Fantasy Island got its subsidy anyway, as did Frey and Baynes. We’ll see if Poloncarz’s principles last longer than those of Collins, who a year later was using ECIDA to give a million dollars in subsidies to his close friend, Dr. Kent Chevli.

• You (possibly) read about it here first: Last week State Senate Majority Leader Dean Skelos acknowledged that his Republicans will propose the addition of a 63rd state senator as part of a redistricting plan. We first heard the proposal advanced by former Erie County Attorney Cheryl Green at a hearing hosted by the Legislative Task Force on Demographic Research and Reapportionment (a.k.a. LATFOR) in Buffalo’s Common Council chambers this summer. We were told the Erie County GOP Chairman Nick Langworthy had been talking up this most un-Republican expansion of government, too. Republicans believe a 63rd seat increases the likelihood that they will retain a majority. In any case, Governor Andrew Cuomo has threatened to veto any redistricting plan that LATFOR proposes, preferring instead the intitution of an independent, nonpartisan commission.

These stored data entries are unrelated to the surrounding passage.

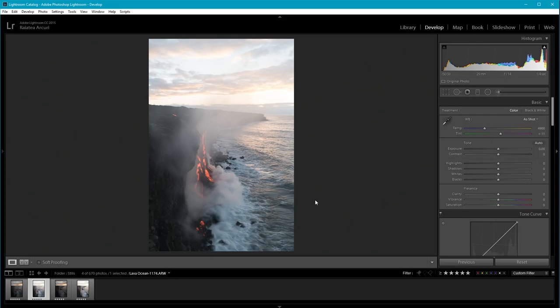Welcome to Landscape Photo Editing Sessions. I'm Raii Taakuri. In this episode, I'm going to be processing a lava photo that I took of the Kamokuna Ocean entry of the lava.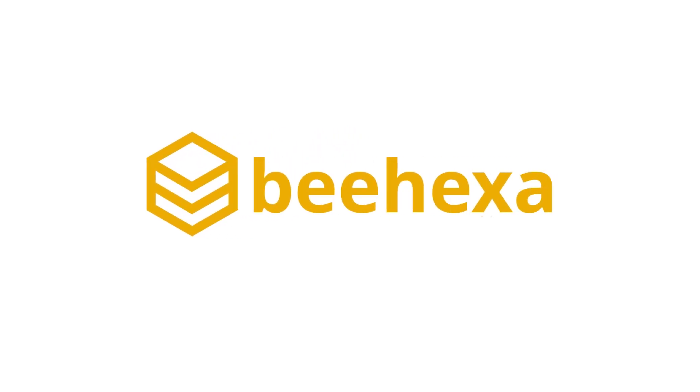BeHEXA Connecting Application Automating Processes. Hi everybody.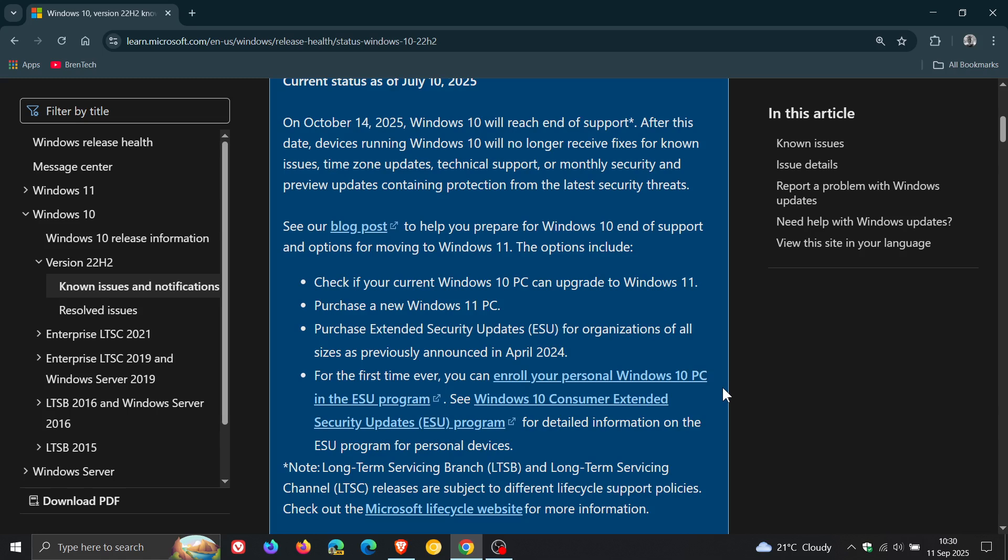And, as mentioned, for home users, you get one year. I've covered this quite extensively on the channel, and then for corporations and enterprises, you can go up to three years.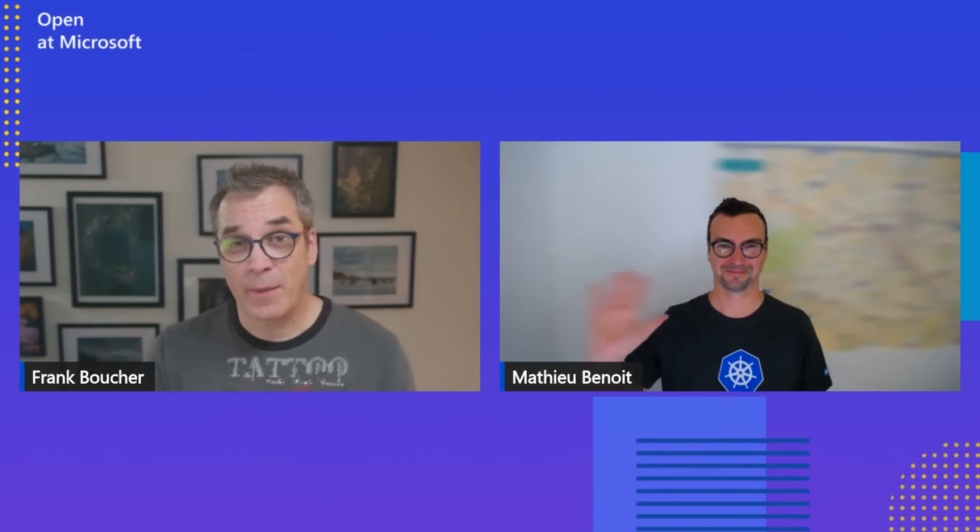On today's episode of Open at Microsoft, I have my friend with me, Mathieu, and we'll be talking about Score, a tool to help you play with containers without having to be an expert in Docker Compose or Kubernetes. Stay tuned for more.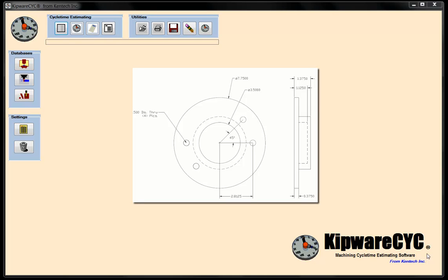Hi and welcome to another video of KIPWARE CYC, Machining Cycle Time Estimating Software. In this video we're going to create a cycle time estimate based on the part that you see on the screen. We've got basically an 8 inch piece of slug stock that we're going to put into the lathe. We'll do turning work on the 4.5 inch diameter and the flange on the outside at 7.750, then turn it around and face off the remaining material. Then put it in a machining center and do the 3.5 inch diameter pocket, spot drill, drill, and ream the 4.5 inch holes.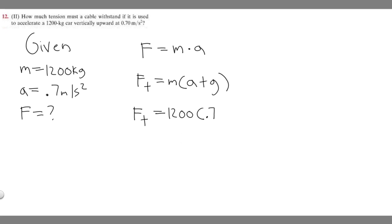And keep in mind that this is vertical, and that's the reason we're doing it. So plus 9.8. And we have 0.7 plus 9.8 times 1,200.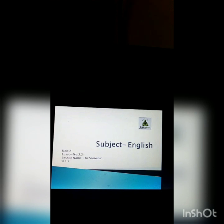A very good morning students. I hope you all are fine and safe with your family. Today in English we will be learning Unit 2, Lesson 2.2, and the name of the lesson is The Souvenir.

• Smaller government advocate Kevin Gaughan has challenged Skelos to a debate on the proposal to add a 6rd State Senate district.

Susan Lerner, director of the New York chapter of Common Cause, comes to town on Thursday, Jauary 12, to discuss the statewide redistricting process. She’ll be joined by James Gardner, a national expert on election law and the director of the Jaeckle Center for Law and Democracy at the University at Buffalo Law School. The free forum, co-sponsored by the Partnership for the Public Good, Common Cause NY, and the League of Women Voters of Buffalo Niagara, takes place at the Buffalo and Erie County Historical Society. Doors open at 6:30pm; program starts at 7pm.

• Also on Thursday, January 12, Assemblyman Sean Ryan will hold a public meeting at the Crane Library on Elmwood Avenue to discuss the Niagara Frontier Transportation Authority’s plan to cut up to 25 percent of its service routes by this spring. The NFTA is looking to close a projected $15 million budget gap, and Ryan has suggested starting with a thorough audit of the NFTA’s operations before service cuts are contemplated. The metting runs 6-7:30pm.